First, it may be noted that "shall" plainly denotes a minimum;
one cannot pay 50% and at the same time pay less than 50%. On the
other hand, the word does not, of linguistic necessity, denote a
maximum; one can pay 50% and also pay 25% more. While, in
recognizing this, we do not mean to suggest that, standing alone,
the 50% standard of § 709(a) would not be read as establishing a
maximum, as well as a minimum, it is significant that the section's
language is not inconsistent with a conclusion that higher
percentages are permissible. Congress cannot be expected always to
be absolutely precise in its statutory formulations. When it brings
forward into a new enactment provisions drafted in a different
statutory context and in response to other circumstances and
policies, the likelihood of imprecision is increased. In light of
the great breadth of discretion apparently given to the Commission
under § 5(b) and the expressed concern of Congress that charter
rates not
Page 377 U. S. 245
be too low to discourage sales, we should be very slow to fetter
the flexibility of the Commission to implement, in the most
effective way, the policies of the Act. Viewing the 1946 Act as an
integrated whole, we refuse to inhibit the Commission under § 5(b)

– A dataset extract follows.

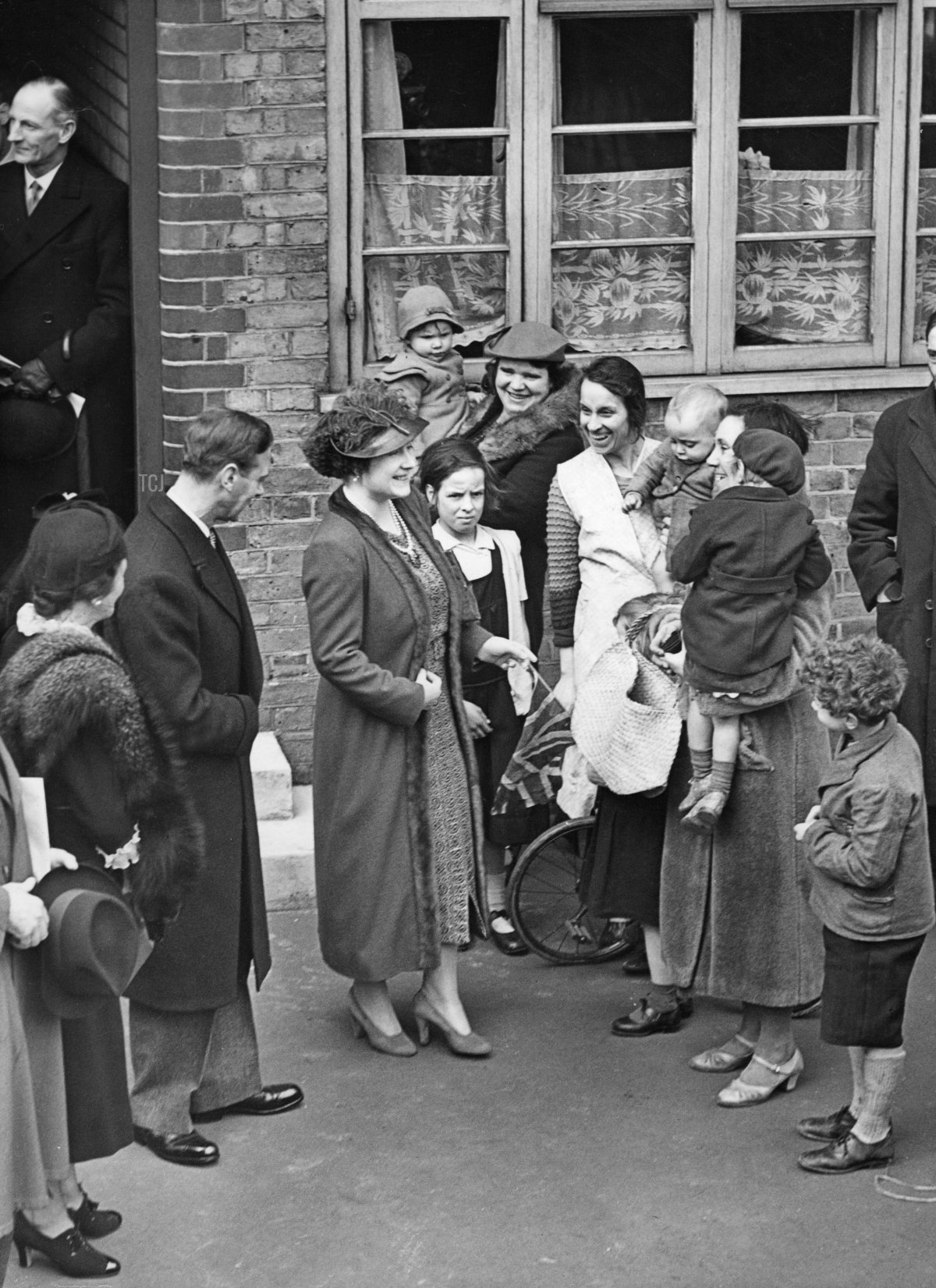 King George VI and Queen Elizabeth in London, 1938. King George VI (2nd from left) and Queen Elizabeth (3rd from left) visit the poorer districts in South London. Here in conversation with the residents of the McManus House in Battersea. Date created: 16/03/1938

by resort to an interpretation of § 709(a) which could be
characterized only as arid literalism. [
Footnote 8]
We conclude, therefore, that the Commission had the power under
§ 5(b) to impose the sliding scale, and that § 709(a) does not
negate that authority. In passing, it may be noted that, in
addition to the courts below, four other lower courts have reached
or assumed the same conclusion.
See Dichman, Wright & Pugh,
Inc. v. United States, 144 F.
Supp. 922, 926;
United States v. East Harbor Trading
Corp., 190 F.
Supp. 245, 249;
American Mail Line, Ltd. v. United
States, 213 F.
Supp. 152, 163;
United States v. Eastport Steamship
Corp., 216 F. Supp. 649, 653-654.
But see American
President Lines, Ltd. v. United States, 224 F. Supp. 187,
190-191.
See also American Export Lines, Inc. v. United
States, 290 F.2d 925, 930, 153 Ct. l. 201, 208-209.
We next turn to the question whether § 5(b) suffices to support
the sliding scale for profit-sharing rentals adopted by the
Commission, in the face of the assertion
Page 377 U. S. 246
that the Commission did not purport to act under that section,
but apparently relied on § 709 alone. Eastern notes that the added
obligation respecting excess profits was imposed as a part of
"additional charter hire" under clause 13 of the charter agreement
("Form 303"), which included the 50% charge on excess profits less
than $100 per day. Under "Form 203", the standard charter employed
pending implementation of the 1946 Act, the unembellished 50% rate
of § 709(a) had also been characterized as "additional charter
hire," and appeared in clause 13 of that form. In both "Form 203"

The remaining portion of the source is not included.